The book fair will be grand as always, I’m gonna get some old printing press letters and hang them on some walls around my place, all willy-nilly. Little pieces of hard-worked history. Have I mentioned lately how much I love my place? Crumbling brick, special assessments, non-stop construction and all. I have lived through the growing pains of this area. I’ve earned this place, warts and whatnot, day by day over the last 2.5 years. My binoculars show me worlds across the way: nude models, art hung, um, artfully on blood orange walls, indoor hanging gardens, stairs where there should be none, people laughing loudly while drinking terrifically good beer, middle eastern theatre groups, people smoking on fire escapes, and lots of golden, yes it is quite golden, light pouring in for my fledgling indoor garden. Yay for this place, yay for this time, yay for us for finding our way here and sticking it out no matter what. We’re staying. Huz says so. The fella doesn’t say much, and usually I control all things, but he never was overly enthused about the prospect of Philly, and I now have to say he was right. Philly is not an emotionally healthy place for us to be at this time. Maybe it will be at another. I hope so. Until then, I will regard our time here as precious, as I should, as it has been all along, despite its very real difficulties.

So how many posts am I going to write about the personal peace I am finding? How boring, right? Ha!

P.S. My girl M.I.A. is still bringing it in a major way. I want you to dance your ass off every time you hear her and please do think of me. I would go see her in concert but I might die of exertion. I’m gettin’ a little old, you know :) I’ve picked out my jazz lounge, and before I know it, it’ll be time to find a farm.
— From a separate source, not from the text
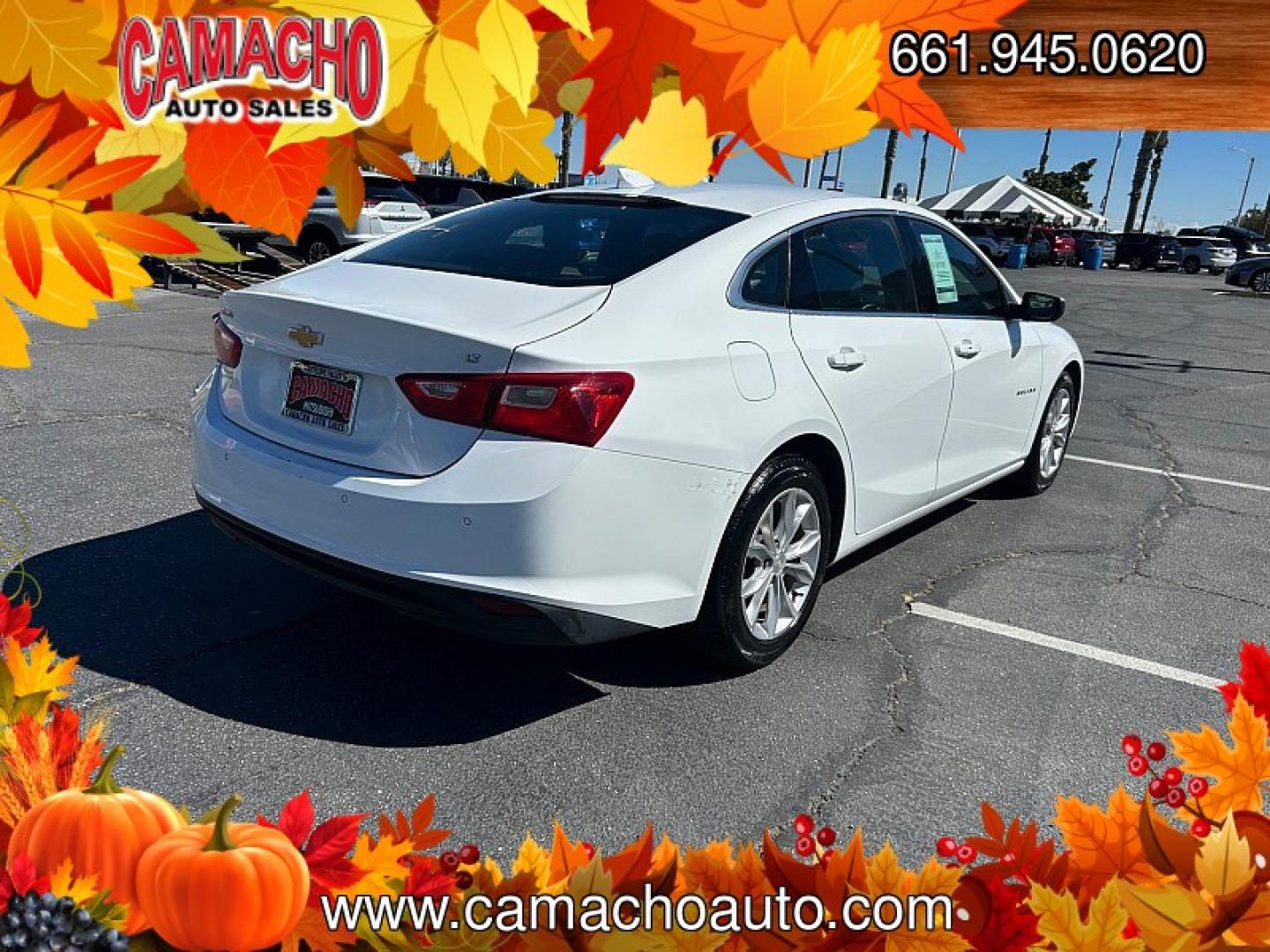 2023 White Chevrolet Malibu (1G1ZD5ST2PF) with an 4-Cyl Turbo 1.5 Liter engine, Automatic CVT transmission, located at 412 Auto Vista Drive, Palmdale, CA, 93551, (661) 945-0620, 34.592636, -118.136681- Photo#2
P.P.S. Besides her deeply socially relevant messages about violence, disenfranchisment, global responsibilty, etc, one of my favorite lyrics by M.I.A. is “I’ll let you be superior”. You could easily miss it if you weren’t paying attention, but to me, this is a message to an attractive man that says “you are not superior to me, but I know you feel pressure to be, and I will indulge that need in you for now, as it serves my needs”. Interesting shit for such a young woman. Catchy as hell, too.


Happy stuff I am doing for myself

May 28, 2008

Growing an indoor herb garden - hullo, Yum, so good to meet you. The dried stuff is an expensive insult to my tongue in comparison.
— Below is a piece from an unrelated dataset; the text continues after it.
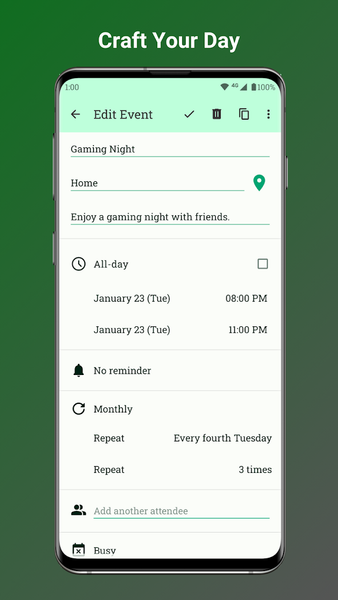 Fossify Calendar - عکس برنامه موبایلی اندروید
tmi: Making sex dates with Huz. No, not regularly scheduled “it’s business time” stuff; we have to ask ahead and plan just as if we would if we had never been together and were trying to seduce each other, albeit quickly, for the first time. It’s the hotness.

Decorating, decorating, decorating, (does that sound too Martha? should I say beautifying? art-ifying? whatevs, you get me) with both found and self-created objects. A living environment is an evolving organism as far as I am concerned. I adjust it accordingly, in small ways, as needed depending on my mood.

Daily dance parties with Bean. The kid is a nut for “party favorites” on our cable music thingermawhatsit. His moves absolutely KILL me.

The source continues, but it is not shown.